As imagens que nos chegam são sempre parcelares. Uma coisa é apreciar o elevado grau de destruição da cidade de Alepo, ou entrever a brutalidade dos combates (que envolvem tantos lados e fações, e apenas uma vontade, a de alcançar a posse de um território, dos canais da riqueza possível, do cumprimento dos objetivos de quem patrocina armas, equipamentos e fardas, enquanto fica na trincheira cómoda da distância) outra é conseguir perceber realmente o que se passa. Entendemos a razão da guerra. Sabemos porque se trava. Na Síria ou em qualquer outro ponto em que ela tem interesses.
Propaganda… conduz a mais massacres
Vergadas à vergasta da propaganda, as notícias vão-nos confundindo e acabamos a concordar com aqueles que pedem mais apoios internacionais (o que normalmente conduz a mais massacres, amplificação dos dramas que levam sempre, prioritariamente, e nunca ao desfecho da guerra.
A guerra só acaba nos territórios quando deixa de dar lucro – para passar a dar outro tipo de lucros, obviamente. É ela quem dita os grandes negócios industriais, do armamento ao fardamento, dos veículos aos equipamentos de rotina, da gestão dos combustíveis à construção civil, é ela quem cria a velha lenda de que a Paz não traz desenvolvimento e que as grandes conquistas da Humanidade foram operadas ou alavancadas pelos conflitos (não há lenda mais falsa e contudo mais alimentada).

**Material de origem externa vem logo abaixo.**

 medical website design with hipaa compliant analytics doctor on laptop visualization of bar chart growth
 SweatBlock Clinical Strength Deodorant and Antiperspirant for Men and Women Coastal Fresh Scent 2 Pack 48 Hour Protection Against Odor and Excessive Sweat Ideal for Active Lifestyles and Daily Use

Ao olharmos para o que vemos em Alepo, a mentira é muito evidente: russos e americanos (os principais protagonistas) lutam no terreno, matando civis e fazendo as suas fortunas, cumprindo metas de poder.
A ilusão de que o grupo de assassinos que se autointitula um Estado e ainda mais abusivamente islâmico e as tropas de Assad têm objetivos diferentes, deve também ser denunciada.
Não há imagens de pormenor destes “exércitos” a fazerem o que melhor fazem: matar, proteger-se cobardemente com escudos humanos civis e verificarem nas suas contas bancárias o produto da sua dedicação.
A comunidade internacional pode vencer as guerras. Pode boicotar apoios, retirá-los, denunciar os assassinos que governam os países envolvidos.
Mas é uma luta muito desigual
Quem irá derrotar Donald Trump quando ainda agora celebra a vitória e faz planos de piorar os cenários conhecidos?
Todos nós teremos de definir o papel que nos cabe nas urgentes missões de paz que podem, in extremis, salvar o mundo. É uma missão arriscada – como normalmente são todas as missões pelo que queremos pacífico.